When I look back on this class, trying to figure out what exactly I have accomplished, I am always drawn back to one of the first assigned readings, Gumbrecht’s In 1926: Living at the Edge of Time. The book attempted to look at history as if through a microscope, taking in all of the details at a certain point and rejecting a more linear approach to time. To me, the entire course follows this model: we look into a single decade, in one city, and learn all the details we can about musical life: we listen to music, read reviews, watch reconstructed performances. All of these are puzzle pieces of a larger idea: what exactly was music in 1920’s Paris?

A traditional music history course would throw out the names of a few composers, their musical influences, and then move on the linear path of musical evolution, leaving the time period behind. But we stay here and absorb more, read more, and explore more.

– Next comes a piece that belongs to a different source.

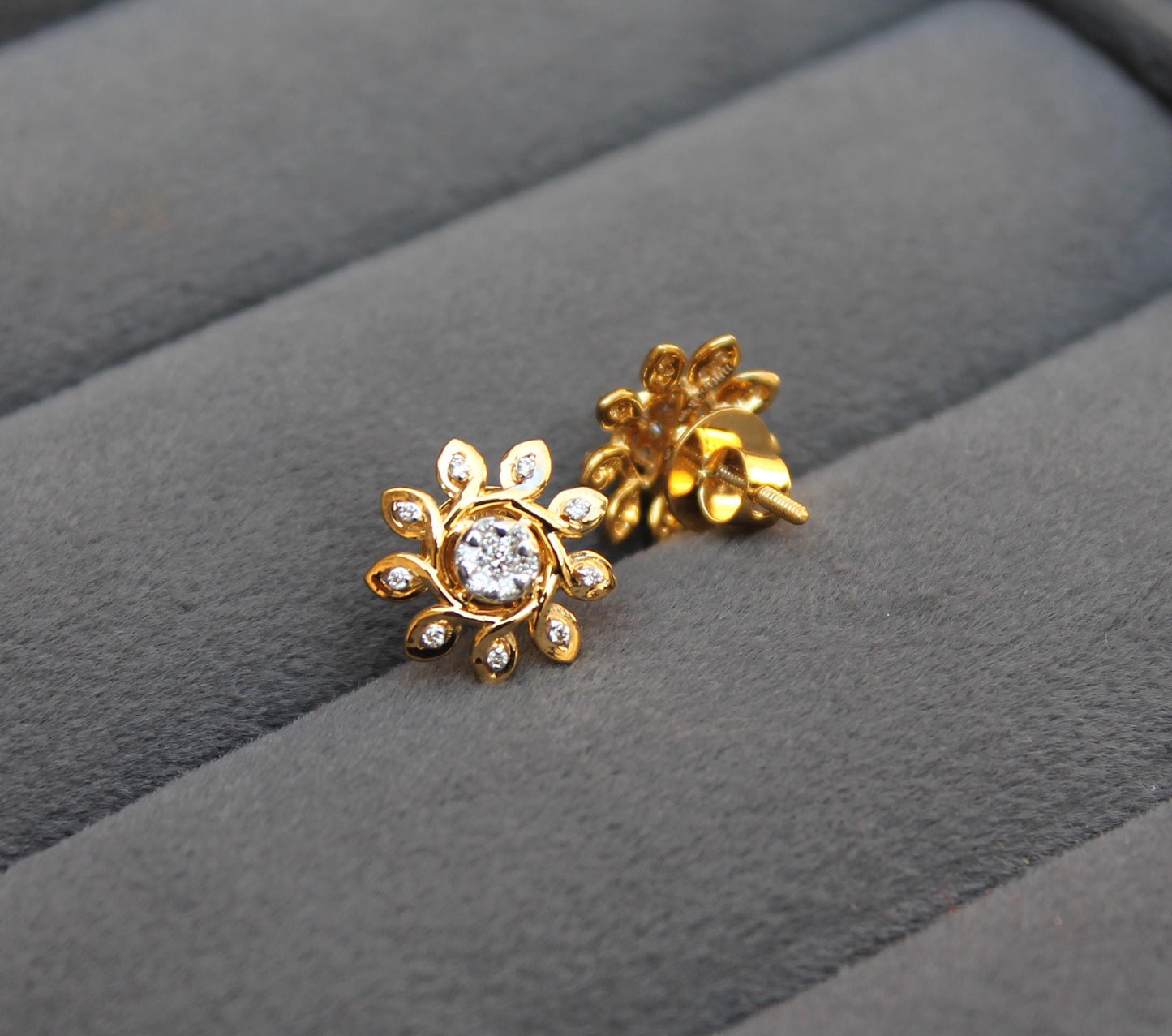 18K Solid Yellow Gold Real Diamond Jewelry Set, IGI Certified Diamond Necklace and Earrings, Floral Design Jewelry for Women, Ready to Ship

The papers have been a good example of exploring such a specific period of history. Through first person writing assignments, we essentially create faux-primary sources, mimicking what we might find in our research. Our created sources must represent a persona from the place and time period, and creating such a life requires considerably more research than it would seem. To piece together an imagined experience means understanding more than one aspect of the time period: a broad scope of information in one point in time. Finding sources for this research proves very difficult, and the deeper I look, the more I realize that there really aren’t enough sources to give the full picture. At some point, I inevitably hit a wall. What was Parisian bass clarinetist Georges Pigassou really like? What was Rolf de Mare’s reaction to the Ballets Suedois performance being relocated to a different stage in a theater in New York? Is there any printed source or living person who could tell me?

This makes me realize that a specific point in history, 1920’s Paris or any other point in time, is immeasurably more complex than we can ever imagine in a traditional history course. There are so many elements of life that have been lost, yet of course existed. Through the papers I’ve written for this class, I’ve been reminded of this, and that any moment in history may be more similar to the present day than I realize or want to accept.